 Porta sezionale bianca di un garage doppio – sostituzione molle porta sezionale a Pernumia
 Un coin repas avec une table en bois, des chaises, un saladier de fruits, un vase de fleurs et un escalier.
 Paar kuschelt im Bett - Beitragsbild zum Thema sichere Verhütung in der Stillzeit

********

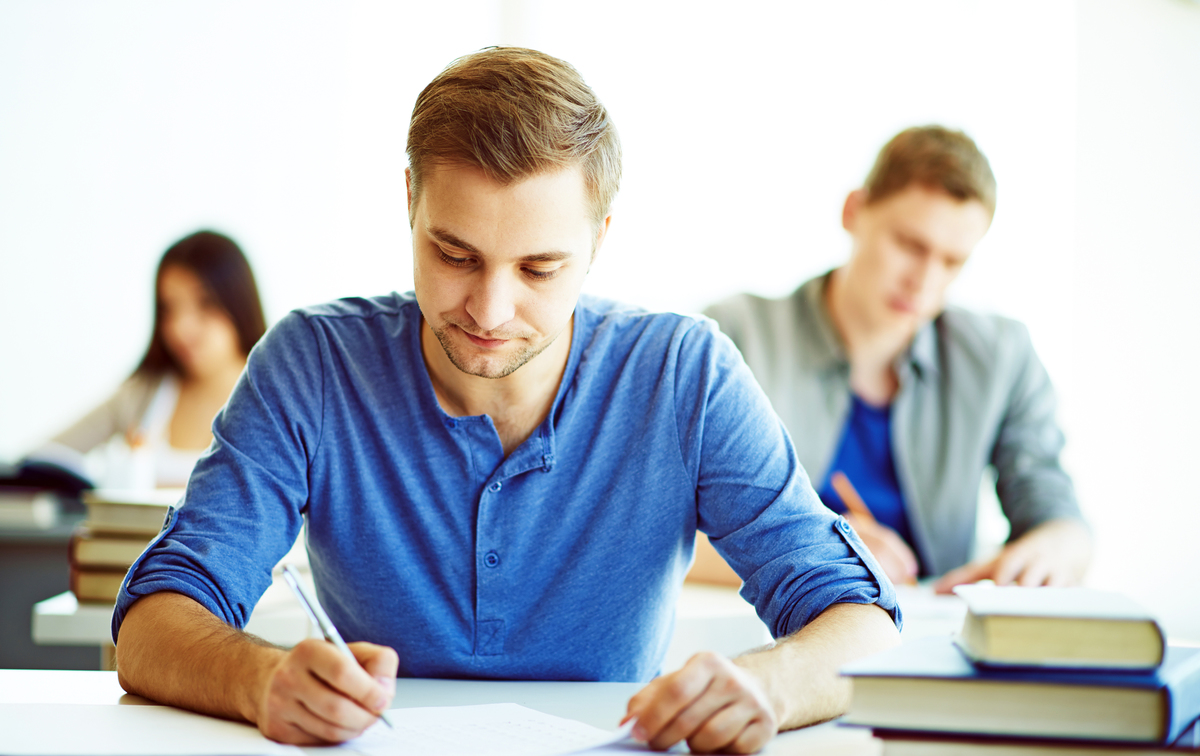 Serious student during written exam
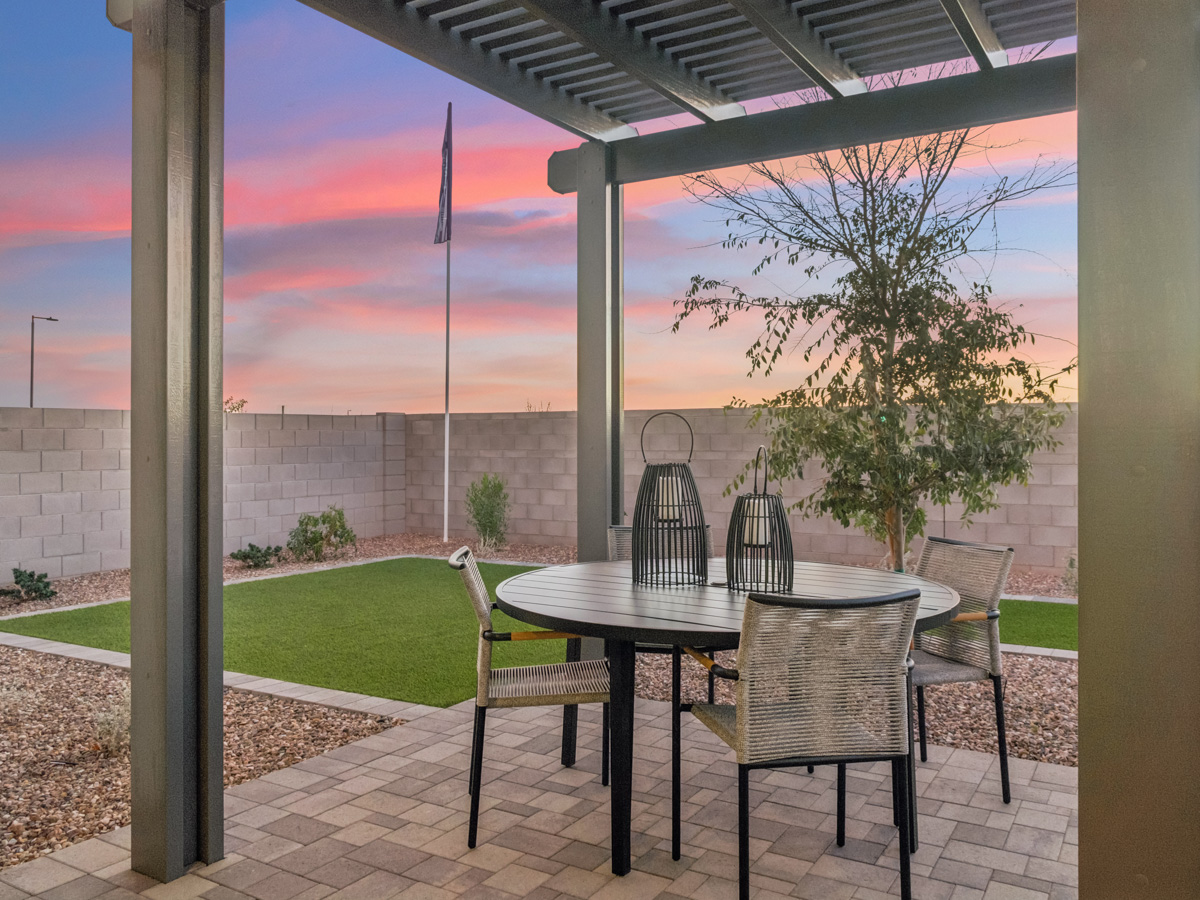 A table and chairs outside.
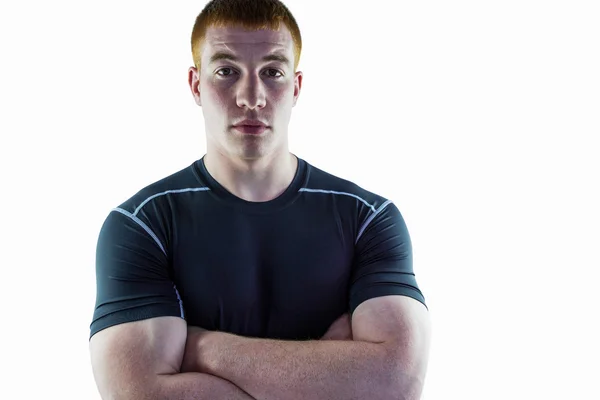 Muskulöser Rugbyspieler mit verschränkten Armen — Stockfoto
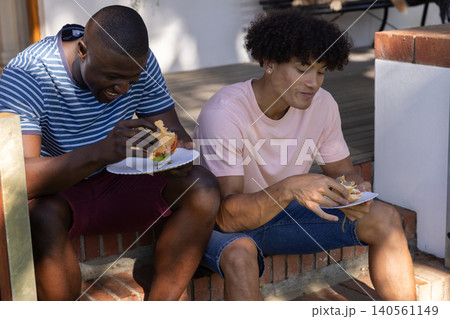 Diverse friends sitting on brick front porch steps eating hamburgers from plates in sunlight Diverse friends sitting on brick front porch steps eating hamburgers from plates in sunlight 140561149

********

- _Exercise description_
Return, word for word, the lines of the data above from the line with "Porta sezionale bianca" through the line with "Un coin repas", inclusive.

- _Task result_
 Porta sezionale bianca di un garage doppio – sostituzione molle porta sezionale a Pernumia
 Un coin repas avec une table en bois, des chaises, un saladier de fruits, un vase de fleurs et un escalier.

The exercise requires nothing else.